*** Records shown ***
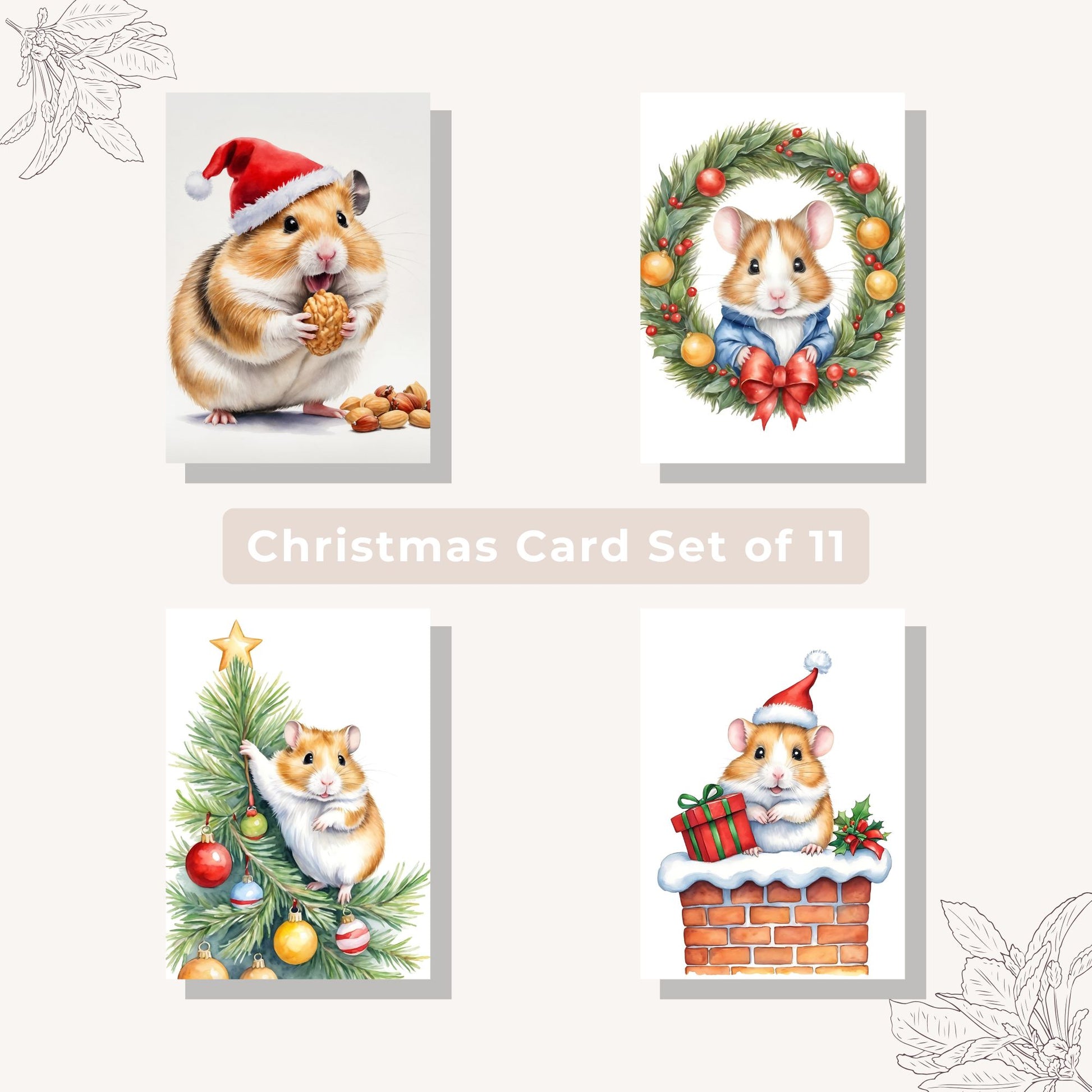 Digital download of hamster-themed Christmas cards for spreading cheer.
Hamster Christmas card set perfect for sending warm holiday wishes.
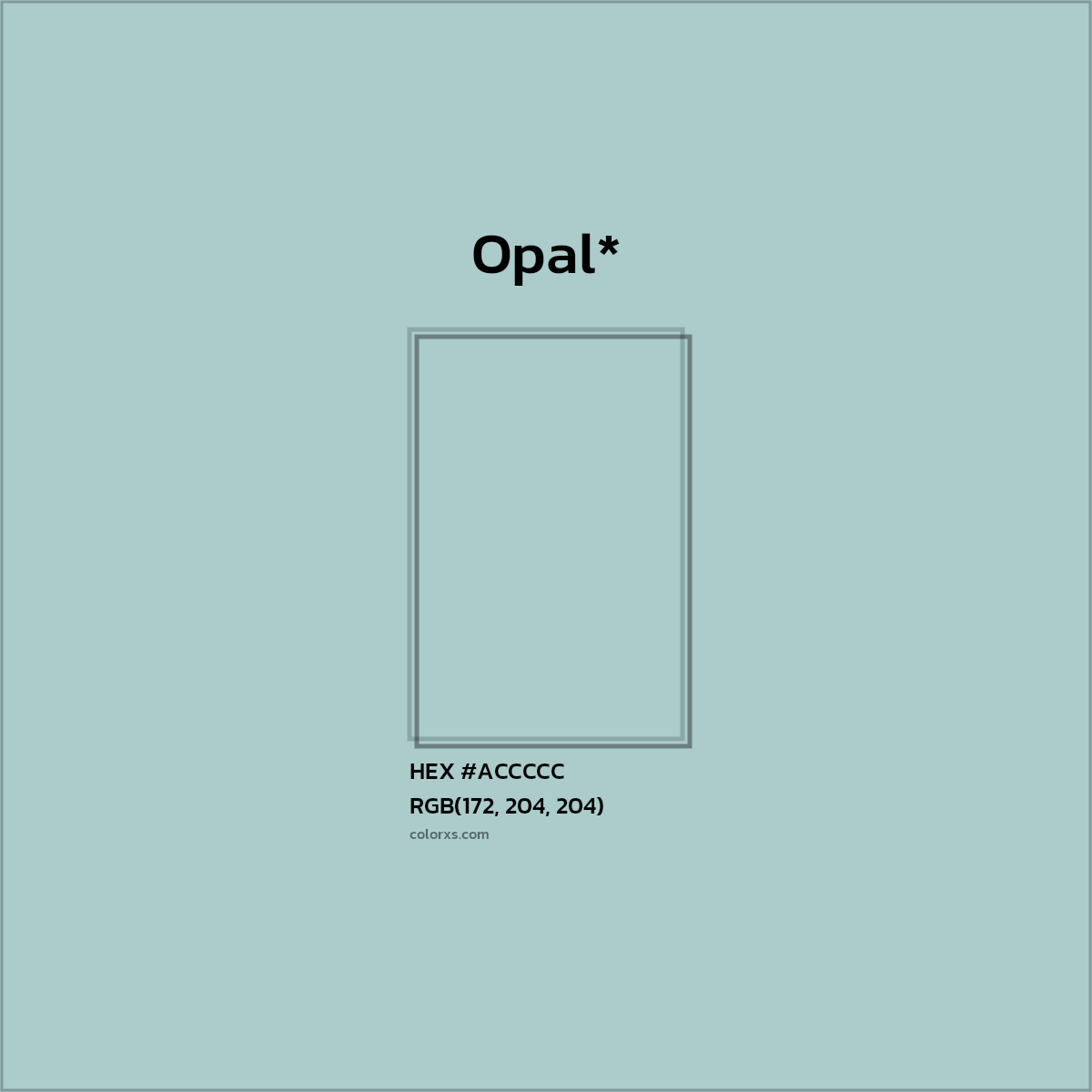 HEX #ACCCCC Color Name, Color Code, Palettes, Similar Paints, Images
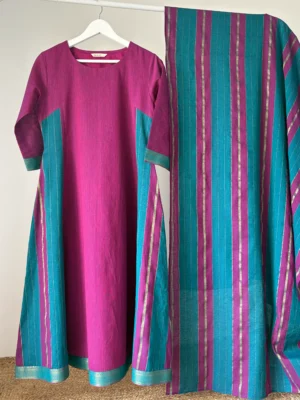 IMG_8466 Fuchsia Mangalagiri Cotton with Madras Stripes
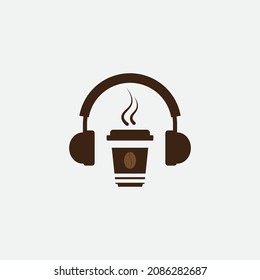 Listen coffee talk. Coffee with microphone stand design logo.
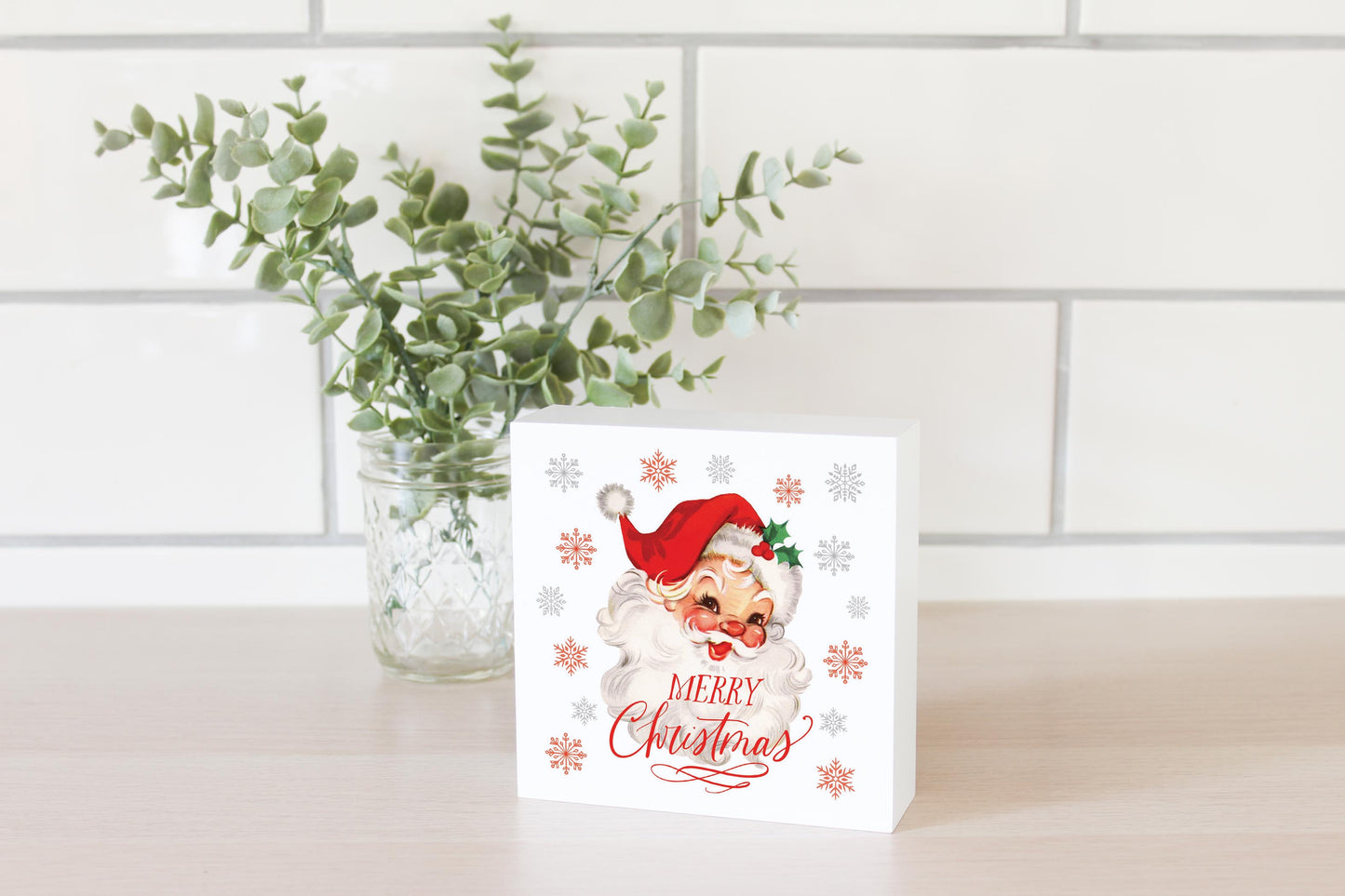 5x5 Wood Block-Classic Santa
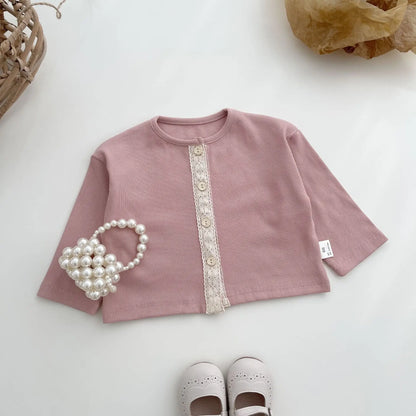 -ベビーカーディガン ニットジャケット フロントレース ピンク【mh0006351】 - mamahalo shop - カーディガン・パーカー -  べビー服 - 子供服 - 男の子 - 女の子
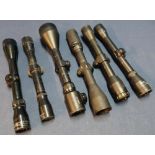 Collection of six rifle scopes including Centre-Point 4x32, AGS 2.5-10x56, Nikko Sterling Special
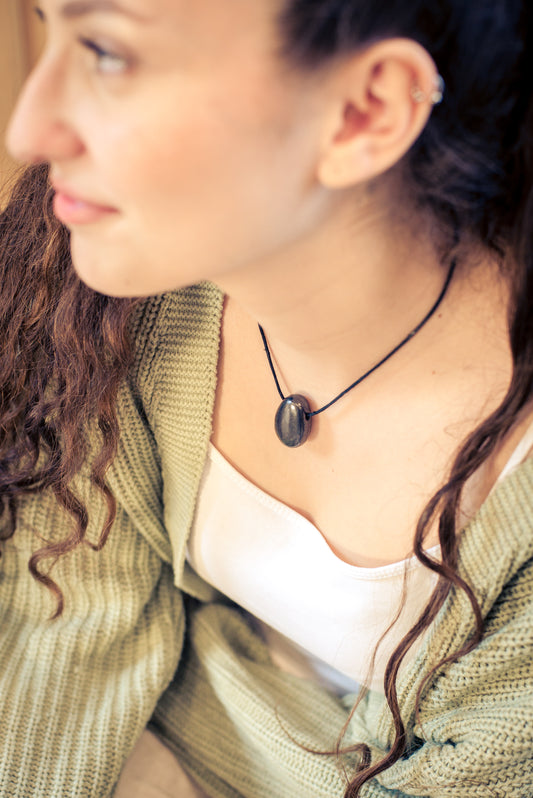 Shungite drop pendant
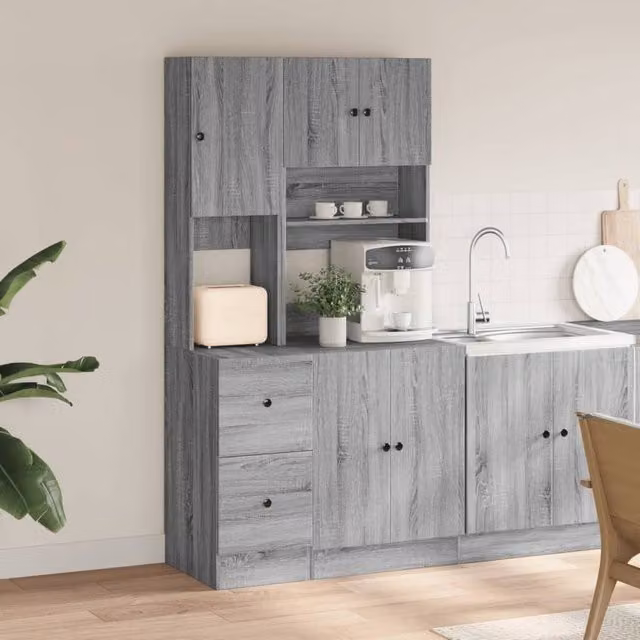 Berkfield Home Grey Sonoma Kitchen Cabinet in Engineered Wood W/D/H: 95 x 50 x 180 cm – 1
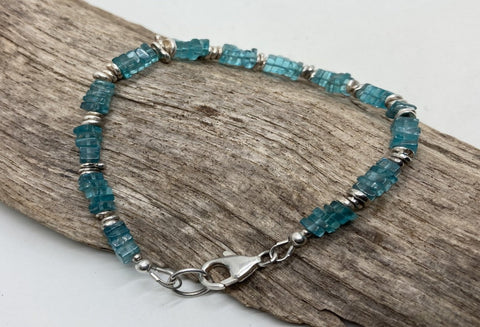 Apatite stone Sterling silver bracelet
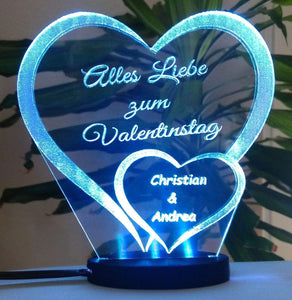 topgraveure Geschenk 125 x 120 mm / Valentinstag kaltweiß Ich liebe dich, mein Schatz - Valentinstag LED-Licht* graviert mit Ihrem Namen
*** End of Records shown ***
Directions for this task » Skipping any pictures, copy the entries exactly as they appear.

Output for this task »
 Digital download of hamster-themed Christmas cards for spreading cheer.
Hamster Christmas card set perfect for sending warm holiday wishes.
 HEX #ACCCCC Color Name, Color Code, Palettes, Similar Paints, Images
 IMG_8466 Fuchsia Mangalagiri Cotton with Madras Stripes
 Listen coffee talk. Coffee with microphone stand design logo.
 5x5 Wood Block-Classic Santa
 -ベビーカーディガン ニットジャケット フロントレース ピンク【mh0006351】 - mamahalo shop - カーディガン・パーカー -  べビー服 - 子供服 - 男の子 - 女の子
 Collection of six rifle scopes including Centre-Point 4x32, AGS 2.5-10x56, Nikko Sterling Special
 Shungite drop pendant
 Berkfield Home Grey Sonoma Kitchen Cabinet in Engineered Wood W/D/H: 95 x 50 x 180 cm – 1
 Apatite stone Sterling silver bracelet
 topgraveure Geschenk 125 x 120 mm / Valentinstag kaltweiß Ich liebe dich, mein Schatz - Valentinstag LED-Licht* graviert mit Ihrem Namen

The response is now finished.